Sgt. James Otis Mellotte died during his service in 1945 -- five years before Bain's birth.
While in the U.S. Air Force, Mellotte served under the command of the Office of Strategic Services (OSS), a short-lived military intelligence agency formed during World War II, and a predecessor to the CIA.
In December 2016, Congress collectively awarded OSS veterans the Congressional Gold Medal, and on Wednesday, U.S. Rep. James Comer presented Bain with a Congressional Gold Medal in honor of Mellotte's service.
"It's an honor," said Bain, a lifelong Paducah resident who served a few stints in the National Guard.
"For years I just knew he was in the Army Air Force."
Bain said he's been researching Mellotte for a few decades -- the government has been declassifying OSS documents in batches since the 1980s -- but specific information about Mellotte's service didn't come until more recently.
"All the information was a closed book until 10, maybe 15 years ago," he said.
Mellotte served in "Operation Carpetbagger," which performed aerial missions including delivery of weapons and other material to European resistance fighters.
His plane crashed near Lyon, France, in February 1945 after an engine failure while trying to land in foggy conditions, according to records.

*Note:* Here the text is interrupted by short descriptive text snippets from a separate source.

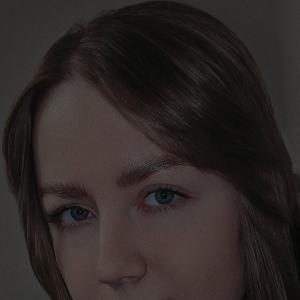 Nina_Rein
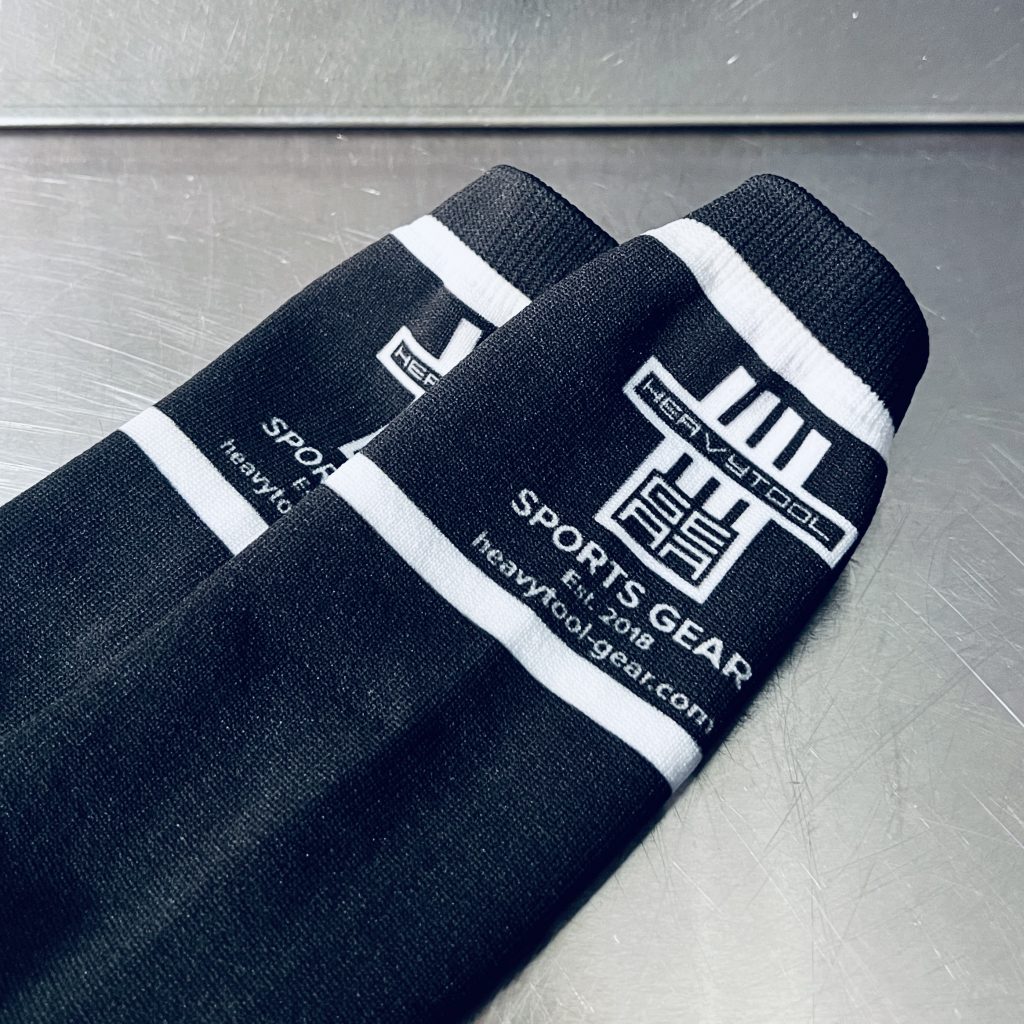 Collection23 sporty socks B2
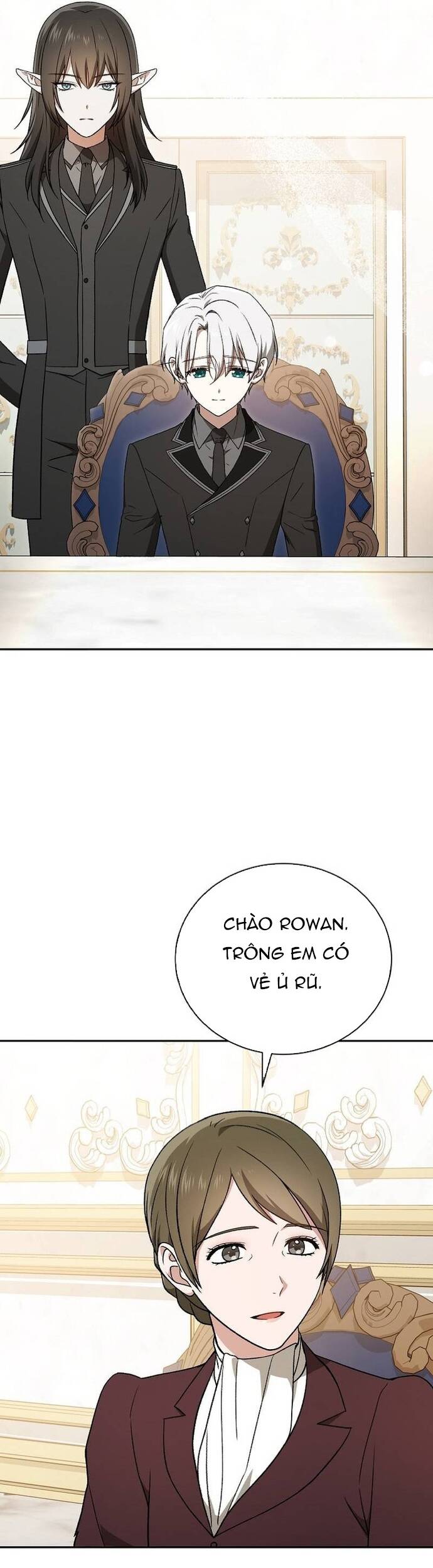 Chương 17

Comer said he was honored to be involved in passing the bill that allowed previously unrecognized veterans to be honored.
He said the government is "very committed to recognizing our veterans and the families of the veterans who gave their lives for our country."
Comer has been involved in various recognitions before, but he said Wednesday was the first time he's been able to award the Congressional Gold Medal.
Comer said he's unaware of others in the area linked to OSS service, but he said his office is working with various local families on getting other awards in order.
"We want veterans to know that we're gonna never forget the sacrifice," he said, adding there's a priority to recognize World War II, Korea and Vietnam veterans at or near the ends of their lives.
"There's a sense of urgency in Congress to try to recognize those that didn't get the recognition they deserved when they came home."